I tried the following sequence of Knime nodes:
Possible_Loop_for_reading_DBF_Files.knwf (19.3 KB)
image
It all went very well on the two first nodes, but I could go no further (most likely due to a mistake while configuring the “File Reader” node). I tried a bunch of individual settings on it, including by checking the option “Support short data rows”, but it didn’t read the files. BTW, I set the “Path” from the output of the previous node (the “Table Row to Variable Loop Start” node) as a flow variable.
Would you mind helping me with this reading of several (80) DBF files, using Knime nodes, instead of coding in a programming language, such as R or Python, for I’m not an IT professional or student (i.e., programmer)?
Thanks in advance.
B.R.,
Rogério.

If you hover over the error node you should get and explanation what the issue is
br

Dear @Daniel_Weikert,
I’ve already passed the mouse over the node with the error message (the “File Reader” node), and got this:
image
When I tried several different settings (on the encodings, on the different options to be checked/unchecked, etc.), no change brought me the expected reading of the files (one by iteration along the loop).
Besides, I tried another workflow (suggested on the Knime.Hub), from:

and inserted the “Java Edit Variable” Knime node between the nodes “Table Row to Variable Loop Start” and “File Reader”. But I got no enhancements on the performance of this node for reading the files.
Could you help me with this configuration? What should be the code for each setting on this latter node?
Otherwise, do you know another node that could read several (DBF) files in a loop like the ones above? Especially one node with no coding (or “low coding”)?
Thank you for any help.
ATB,
Rogério.
P.S.: The DBF files I downloaded are public, but are large enough to be converted into CSV format. Would it be useful if I posted here the URL for accessing the original files?

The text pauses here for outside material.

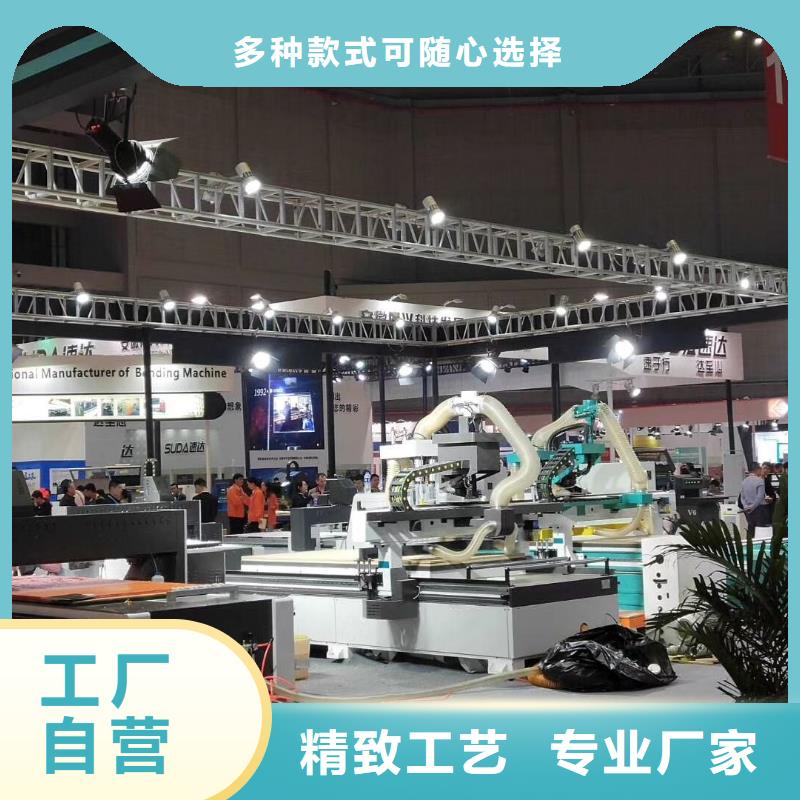 【开料机】 数控加工中心拒绝中间商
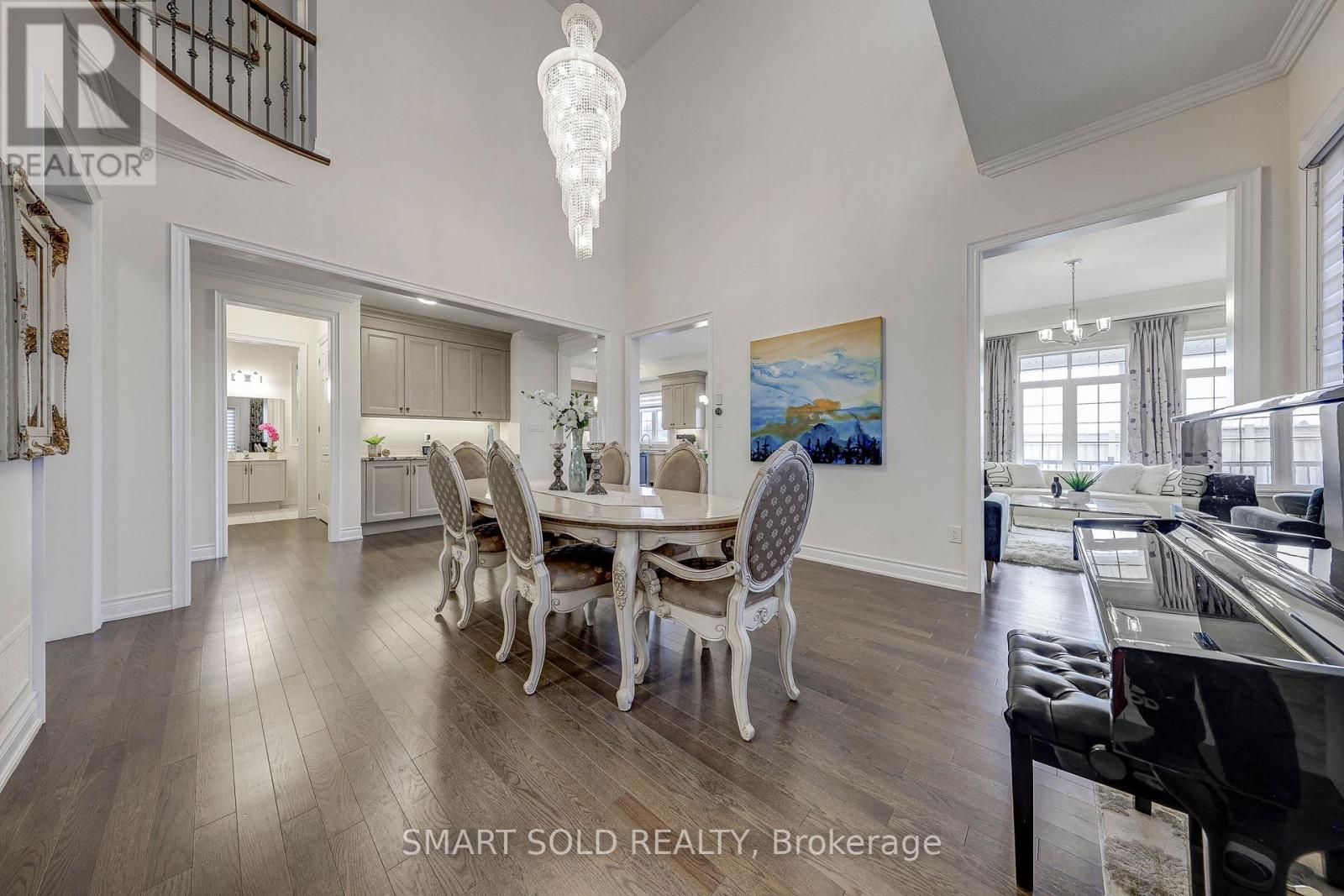 25 Munsie Drive, King, Ontario  L7B 0N8 - Photo 12 - N12927198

@rogerius1st I fear that reviving old threads will not give you a different answer (see below). If we are still talking about the same files (DBC/DBF) KNIME simply does not have a node to just import them.

If we are talking about DBF files LibreOffice still does support the format. That would be importing individual files.

Please note. There seem to be several different formats with similar extensions but they are not the same. DBFS in this case is Databricks File System.

1 Like

doesn’t the file reader support the action “support short data lines” or sth. equivalent?